In [168]:
import pandas as pd
import numpy as np
from imblearn.under_sampling import RandomUnderSampler
from mbti import preprocess

from nltk.tokenize import RegexpTokenizer

In [169]:
reddit_df = pd.read_csv("./data/mbti_full_pull.csv")

In [170]:
reddit_df['author_flair_text'] = reddit_df['author_flair_text'].str.lower()

In [171]:
reddit_df['author_flair_text'] = reddit_df['author_flair_text'].apply(lambda x: x if len(x) <= 4 else 'drop')

In [172]:
reddit_df = reddit_df[reddit_df['author_flair_text'] != 'drop']

In [173]:
reddit_df['t/f'] = reddit_df['author_flair_text'].map(lambda x: x[2])

In [174]:
reddit_df['t/f'].value_counts()

t    851722
f    231912
Name: t/f, dtype: int64

In [175]:
reddit_df['body'] = reddit_df['body'].astype('str')

In [176]:
reddit_df = reddit_df[reddit_df['body'].apply(lambda x: len(x) > 2000)]

In [177]:
reddit_df = reddit_df.dropna()

In [178]:
reddit_df = reddit_df.reset_index(drop=True)

In [179]:
t_sample = reddit_df[reddit_df['t/f'] == 't'].sample(500, replace=False, random_state=22222)
f_sample = reddit_df[reddit_df['t/f'] == 'f'].sample(500, replace=False, random_state=22222)

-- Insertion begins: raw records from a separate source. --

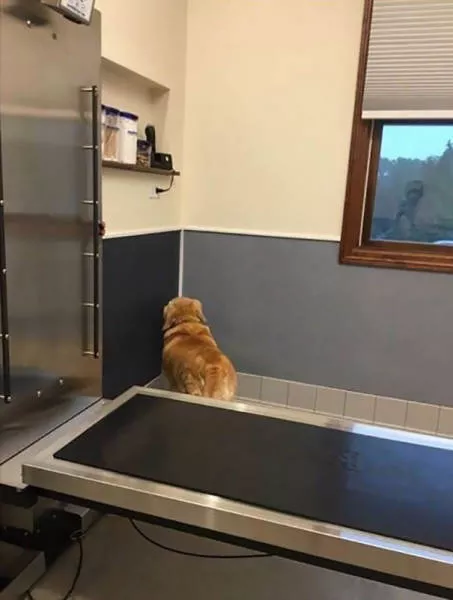 Chiens mignons et hilarants en action - #6 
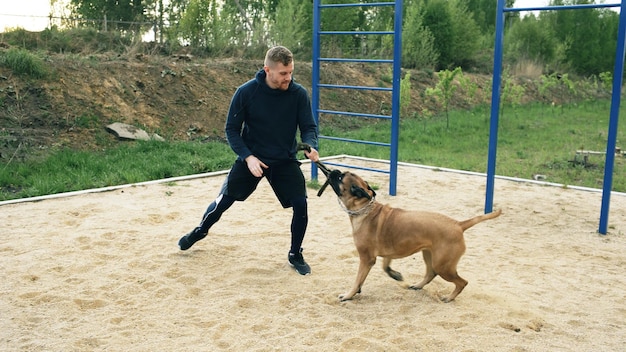 sportlicher Mann trainiert mit seinem Bullmastiff-Hund im Freien im Park und bereitet sein Haustier auf den Wettbewerb vor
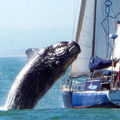Une baleine saute sur un bateau en pleine mer au <b>Cap</b>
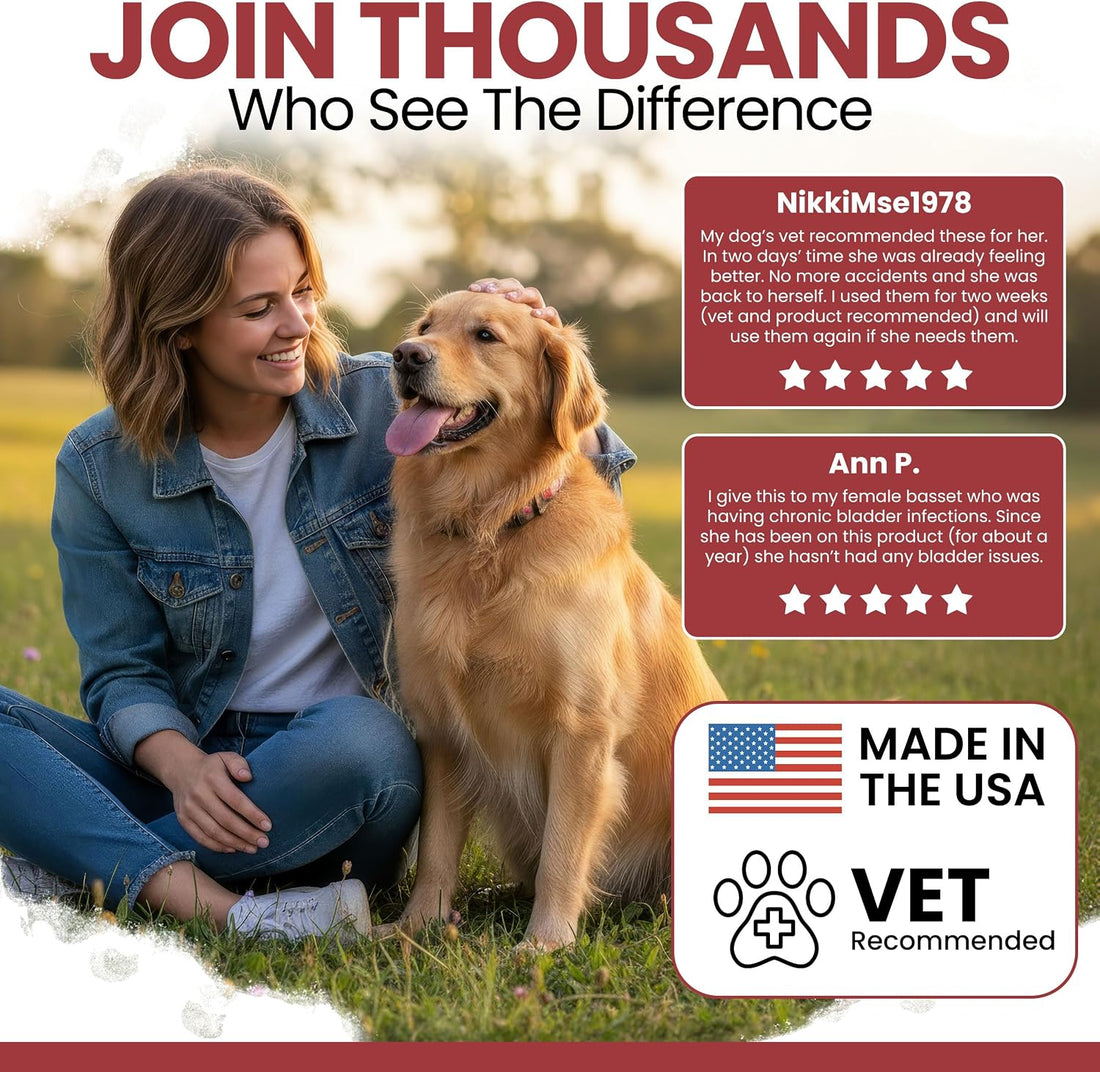 Dog UTI Treatment Cranberry Supplement for Dogs, 120 Soft Chews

reddit_sample = pd.concat([t_sample, f_sample], axis=0)

In [180]:
reddit_sample['t/f'].value_counts()

f    500
t    500
Name: t/f, dtype: int64

In [181]:
# Bringing in the prepreoccess class from mbti.py
# This class provides functions to clean and tokenize our text data
prepro = preprocess()

In [182]:
# Remove the target names in the actual posts
reddit_sample['clean_posts'] = reddit_sample['body'].apply(lambda x: prepro.replace_mbti(x))

In [183]:
# The posts contain multiple posts seperated by 3 pipes '|||' w/ no spaces between. 
# This function will remove pipes and replace with a space.
reddit_sample['clean_posts'] = reddit_sample['clean_posts'].apply(lambda x: prepro.pipe_remove(x))

# This funciton will remove URLs in the posts
reddit_sample['clean_posts'] = reddit_sample['clean_posts'].apply(lambda x: prepro.url_remove(x))

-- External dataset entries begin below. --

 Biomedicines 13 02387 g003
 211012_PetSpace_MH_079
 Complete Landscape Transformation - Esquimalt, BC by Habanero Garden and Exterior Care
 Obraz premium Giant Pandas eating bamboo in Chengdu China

# This function will remove punctuation (dependent on what is passed in). This has `/``, `_`, `:` 
reddit_sample['clean_posts'] = reddit_sample['clean_posts'].apply(lambda x: prepro.punc_remove(x))

# Removes all characters that are not American Standard Code for Information Interchange
reddit_sample['clean_posts'] = reddit_sample['clean_posts'].apply(lambda x: prepro.remove_symbols(x))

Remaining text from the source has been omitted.